# What this book covers

*Chapter 1*, *Data Types*, introduces you to the topic of the data types available while developing applications in the C# programming language, both value and reference ones. You will learn about the built-in value types, such as integral or floating-point numbers, as well as constants, enumerations, value tuples, user-defined struct types, and nullable value types. As for the reference types, you will see object and string types, classes, records, interfaces, and delegate and dynamic types, as well as nullable reference types.

*Chapter 2*, *Introduction to Algorithms*, presents you with an algorithm definition and some real-world examples from your daily life. Then, you will learn a few notations for algorithms, namely natural language, a flowchart, pseudocode, and a programming language. Various types of algorithms are shown as well, including recursive, divide and conquer, back-tracking, greedy, heuristic, brute force, and dynamic programming. Computational complexity, including time complexity, is also presented and explained.

*Chapter 3*, *Arrays and Sorting*, covers scenarios storing data using some representatives of random access data structures, namely arrays. First, three variants of arrays are explained, that is, single-dimensional, multi-dimensional, and jagged. You’ll also get to know seven popular sorting algorithms, namely selection sort, insertion sort, bubble sort, merge sort, Shell sort, quicksort, and heap sort. All of these algorithms are shown with illustrations, implementation code, and detailed explanations.

*Chapter 4*, *Variants of Lists*, deals with other representatives of random access data structures, namely a few variants of lists. Lists are similar to arrays, but make it possible to dynamically increase the size of the collection if necessary. A few variants of lists, including a singly linked list, a doubly linked list, a circular singly linked list, and a circular doubly linked list are introduced. Such data structures are presented in illustrations, are implemented using C# code, and are explained in detail.

*Chapter 5*, *Stacks and Queues*, explains how to use two variants of limited access data structures, namely stacks and queues, including priority and circular queues.
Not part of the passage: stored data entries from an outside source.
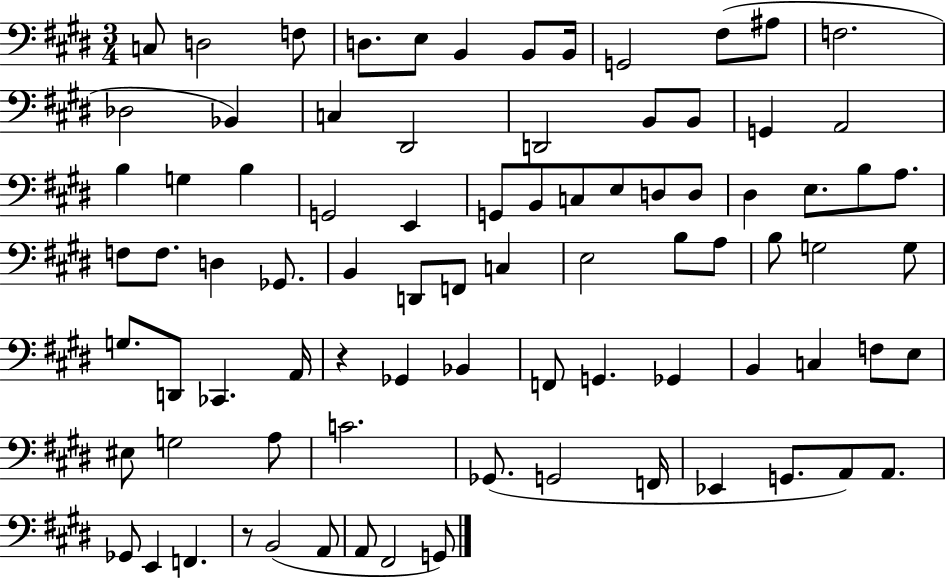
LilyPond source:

{
  \clef bass
  \numericTimeSignature
  \time 3/4
  \key e \major
  \repeat volta 2 { c8 d2 f8 | d8. e8 b,4 b,8 b,16 | g,2 fis8( ais8 | f2. | \break des2 bes,4) | c4 dis,2 | d,2 b,8 b,8 | g,4 a,2 | \break b4 g4 b4 | g,2 e,4 | g,8 b,8 c8 e8 d8 d8 | dis4 e8. b8 a8. | \break f8 f8. d4 ges,8. | b,4 d,8 f,8 c4 | e2 b8 a8 | b8 g2 g8 | \break g8. d,8 ces,4. a,16 | r4 ges,4 bes,4 | f,8 g,4. ges,4 | b,4 c4 f8 e8 | \break eis8 g2 a8 | c'2. | ges,8.( g,2 f,16 | ees,4 g,8. a,8) a,8. | \break ges,8 e,4 f,4. | r8 b,2( a,8 | a,8 fis,2 g,8) | } \bar "|."
} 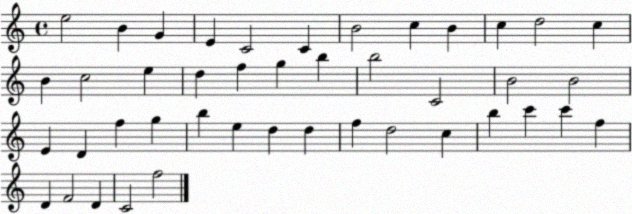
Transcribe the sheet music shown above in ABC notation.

X:1
T:Untitled
M:4/4
L:1/4
K:C
e2 B G E C2 C B2 c B c d2 c B c2 e d f g b b2 C2 B2 B2 E D f g b e d d f d2 c b c' c' f D F2 D C2 f2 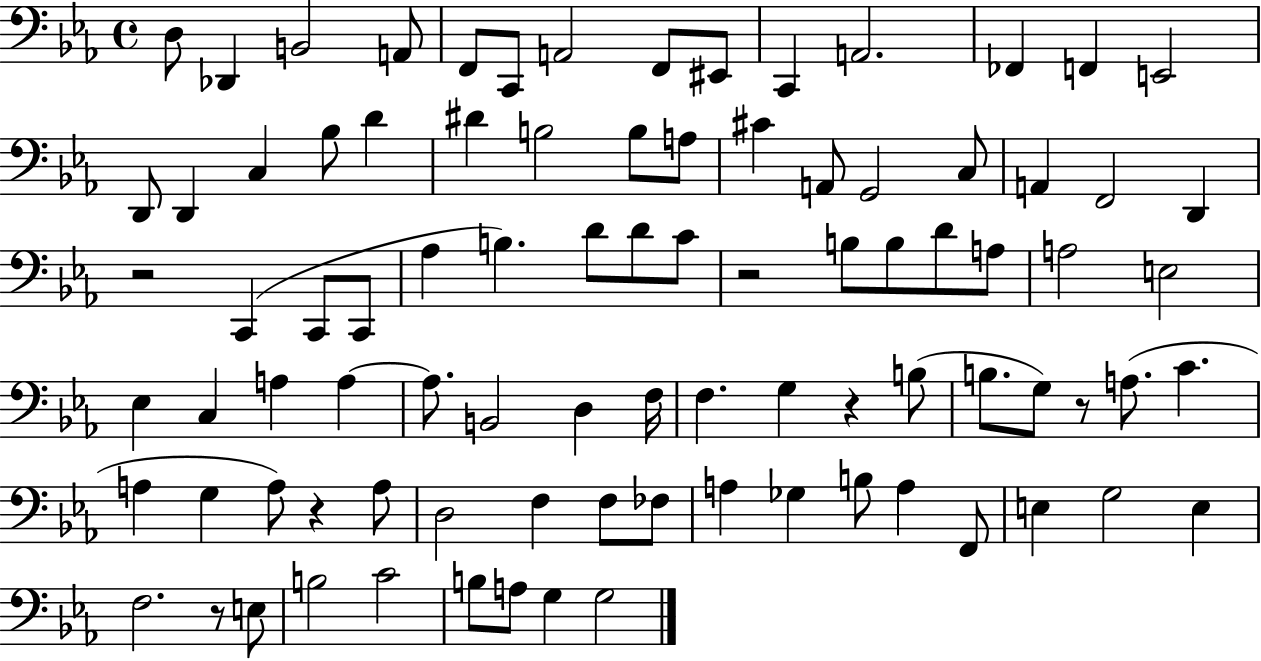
X:1
T:Untitled
M:4/4
L:1/4
K:Eb
D,/2 _D,, B,,2 A,,/2 F,,/2 C,,/2 A,,2 F,,/2 ^E,,/2 C,, A,,2 _F,, F,, E,,2 D,,/2 D,, C, _B,/2 D ^D B,2 B,/2 A,/2 ^C A,,/2 G,,2 C,/2 A,, F,,2 D,, z2 C,, C,,/2 C,,/2 _A, B, D/2 D/2 C/2 z2 B,/2 B,/2 D/2 A,/2 A,2 E,2 _E, C, A, A, A,/2 B,,2 D, F,/4 F, G, z B,/2 B,/2 G,/2 z/2 A,/2 C A, G, A,/2 z A,/2 D,2 F, F,/2 _F,/2 A, _G, B,/2 A, F,,/2 E, G,2 E, F,2 z/2 E,/2 B,2 C2 B,/2 A,/2 G, G,2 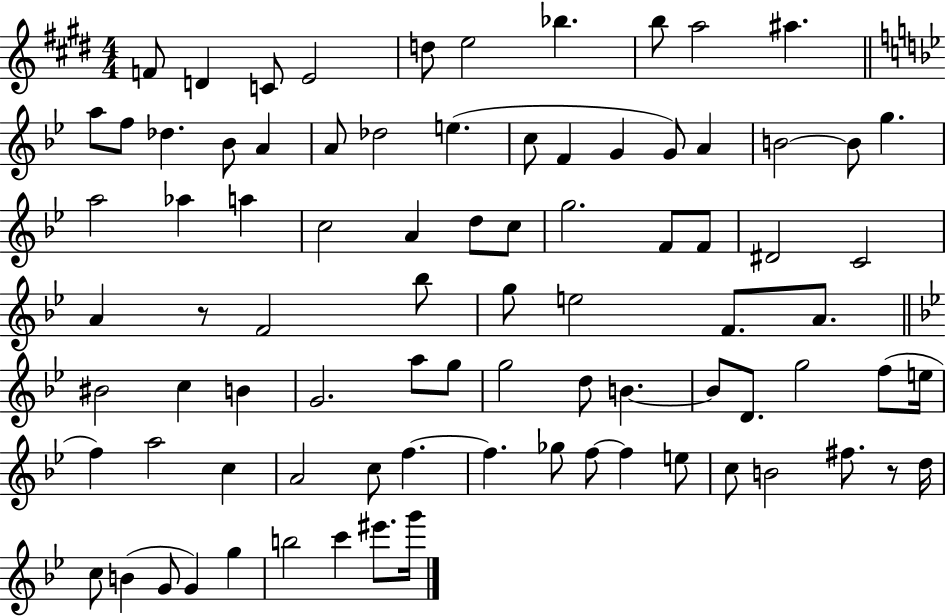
{
  \clef treble
  \numericTimeSignature
  \time 4/4
  \key e \major
  f'8 d'4 c'8 e'2 | d''8 e''2 bes''4. | b''8 a''2 ais''4. | \bar "||" \break \key bes \major a''8 f''8 des''4. bes'8 a'4 | a'8 des''2 e''4.( | c''8 f'4 g'4 g'8) a'4 | b'2~~ b'8 g''4. | \break a''2 aes''4 a''4 | c''2 a'4 d''8 c''8 | g''2. f'8 f'8 | dis'2 c'2 | \break a'4 r8 f'2 bes''8 | g''8 e''2 f'8. a'8. | \bar "||" \break \key bes \major bis'2 c''4 b'4 | g'2. a''8 g''8 | g''2 d''8 b'4.~~ | b'8 d'8. g''2 f''8( e''16 | \break f''4) a''2 c''4 | a'2 c''8 f''4.~~ | f''4. ges''8 f''8~~ f''4 e''8 | c''8 b'2 fis''8. r8 d''16 | \break c''8 b'4( g'8 g'4) g''4 | b''2 c'''4 eis'''8. g'''16 | \bar "|."
} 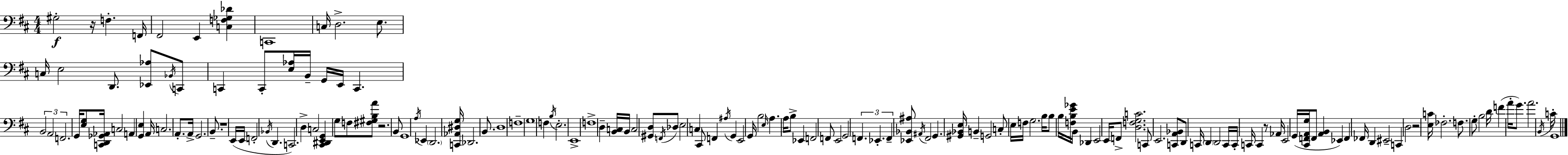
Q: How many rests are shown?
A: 5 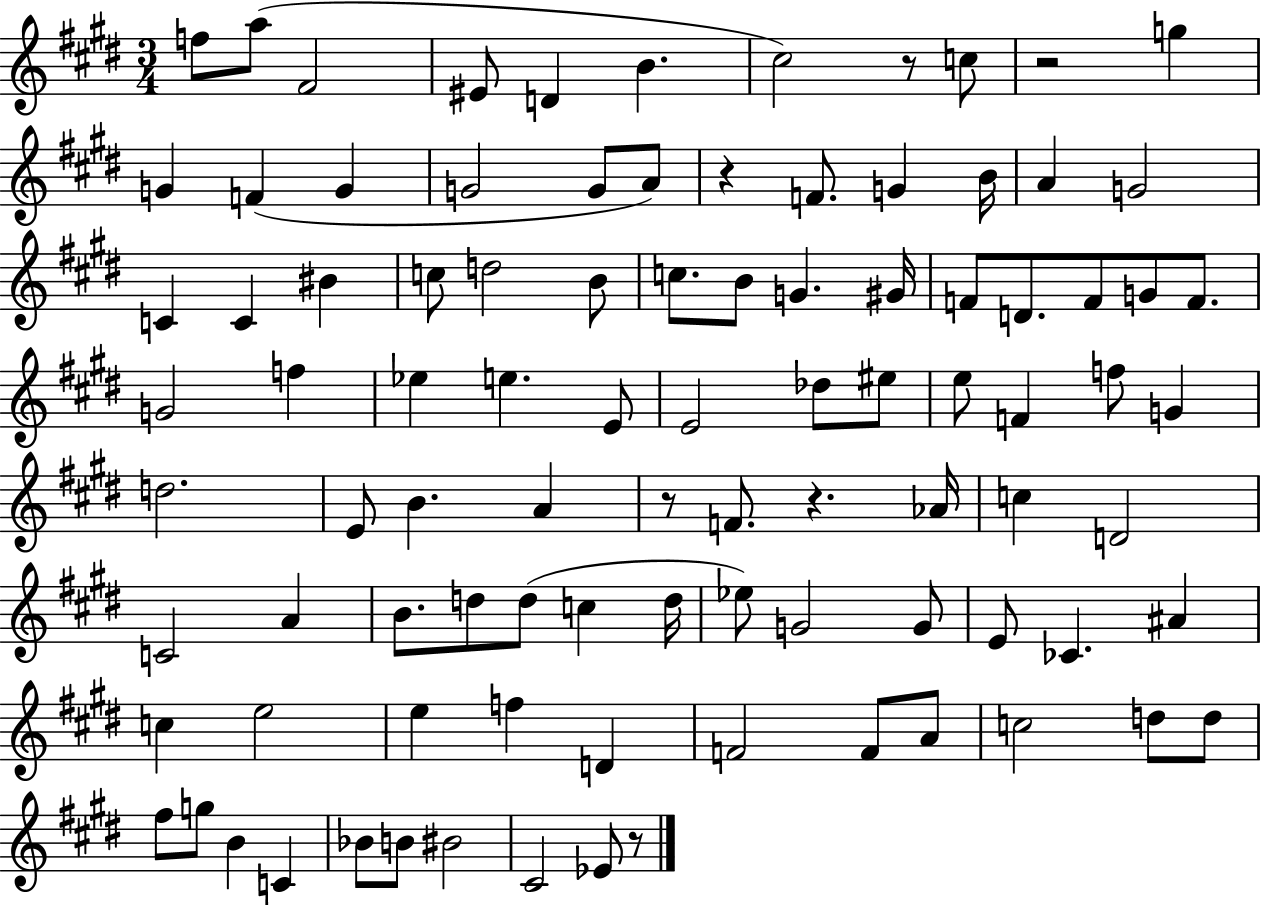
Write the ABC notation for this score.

X:1
T:Untitled
M:3/4
L:1/4
K:E
f/2 a/2 ^F2 ^E/2 D B ^c2 z/2 c/2 z2 g G F G G2 G/2 A/2 z F/2 G B/4 A G2 C C ^B c/2 d2 B/2 c/2 B/2 G ^G/4 F/2 D/2 F/2 G/2 F/2 G2 f _e e E/2 E2 _d/2 ^e/2 e/2 F f/2 G d2 E/2 B A z/2 F/2 z _A/4 c D2 C2 A B/2 d/2 d/2 c d/4 _e/2 G2 G/2 E/2 _C ^A c e2 e f D F2 F/2 A/2 c2 d/2 d/2 ^f/2 g/2 B C _B/2 B/2 ^B2 ^C2 _E/2 z/2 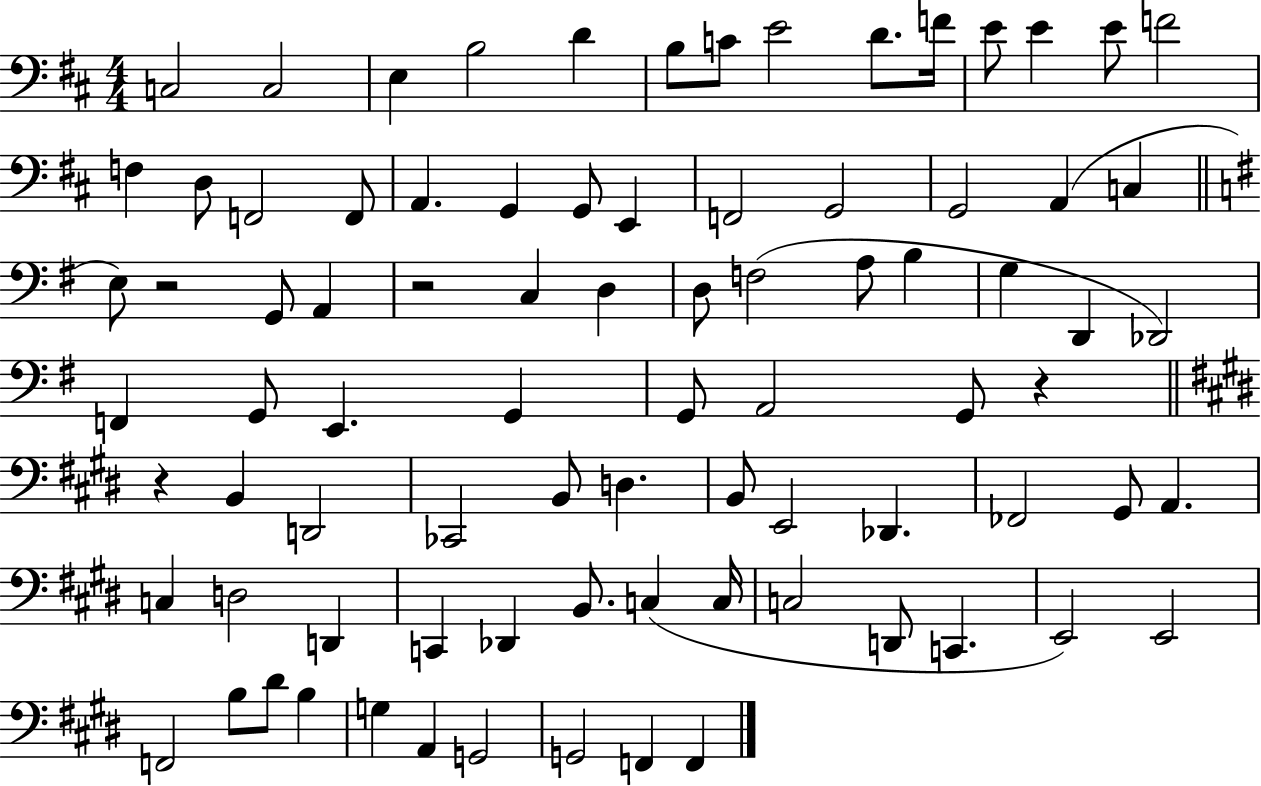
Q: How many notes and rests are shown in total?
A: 84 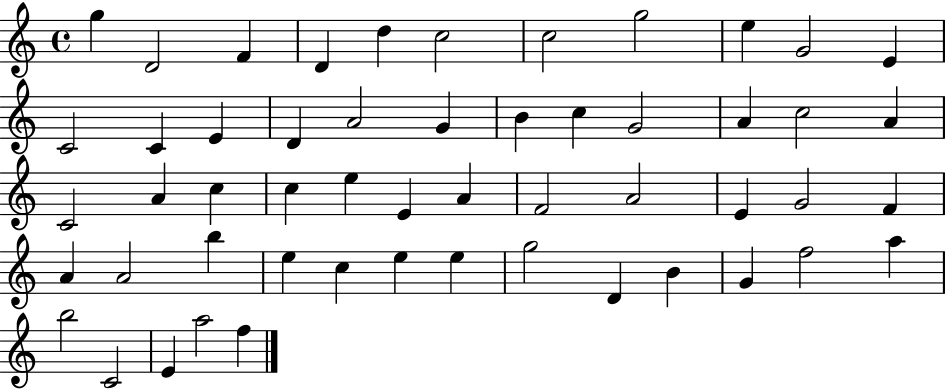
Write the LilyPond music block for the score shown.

{
  \clef treble
  \time 4/4
  \defaultTimeSignature
  \key c \major
  g''4 d'2 f'4 | d'4 d''4 c''2 | c''2 g''2 | e''4 g'2 e'4 | \break c'2 c'4 e'4 | d'4 a'2 g'4 | b'4 c''4 g'2 | a'4 c''2 a'4 | \break c'2 a'4 c''4 | c''4 e''4 e'4 a'4 | f'2 a'2 | e'4 g'2 f'4 | \break a'4 a'2 b''4 | e''4 c''4 e''4 e''4 | g''2 d'4 b'4 | g'4 f''2 a''4 | \break b''2 c'2 | e'4 a''2 f''4 | \bar "|."
}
The chapter shows how to perform push and pop operations on a stack, and also describes the enqueue and dequeue operations in the case of a queue. To aid your understanding of these topics, a few examples are presented, including the Tower of Hanoi game and an application that simulates a call center with multiple consultants and callers.

*Chapter 6*, *Dictionaries and Sets*, focuses on data structures that make it possible to map keys to values, perform fast lookups, and carry out various operations on sets. The chapter introduces you to both non-generic and generic variants of a hash table, the sorted dictionary, and the high-performance solution to set operations allowing you to get union, intersection, subtraction, and symmetric difference. The “sorted” set concept is shown, as well.

*Chapter 7*, *Variants of Trees*, describes a few tree-related topics. First, it presents a basic tree, together with its implementation in C#, and examples showing it in action. The chapter also introduces you to binary trees, binary search trees, and self-balancing trees, namely AVL and red-black trees. Then, you’ll see a trie that is a great approach for performing string-related operations. The remainder of the chapter is dedicated to a brief introduction to the topic of binary heaps as other tree-based structures.

*Chapter 8*, *Exploring Graphs*, contains a lot of information about graphs, starting with an explanation of their basic concepts, including nodes and a few variants of edges. The C#-based implementation of a graph is also covered. The chapter introduces you to two modes of graph traversal, namely depth-first and breadth-first search. Then, it presents the subject of minimum spanning trees using Kruskal’s and Prim’s algorithms, the node coloring problem, and finding the shortest path in a graph using Dijkstra’s algorithm.

*Chapter 9*, *See in Action*, presents a few examples of various types of algorithms. You’ll see a recursive way to calculate a number from the Fibonacci series, with dynamic programming optimization. Then, you’ll learn a greedy approach to a minimum coin change problem, a divide-and-conquer method of getting the closest pair of points, a recursive way of generating fractals, a back-tracking and recursive way of solving rat in a maze and Sudoku puzzles, as well as a genetic algorithm and brute-force password guessing.

*Chapter 10*, *Conclusion*, is the conclusion of all the knowledge acquired from the previous chapters. It shows a brief classification of data structures, dividing them into two groups, namely linear and nonlinear. Finally, the chapter talks about the diversity of applications of various data structures. Each data structure is presented with a brief description and some of them are also shown with illustrations, to help you remember the information learned while reading the previous nine chapters.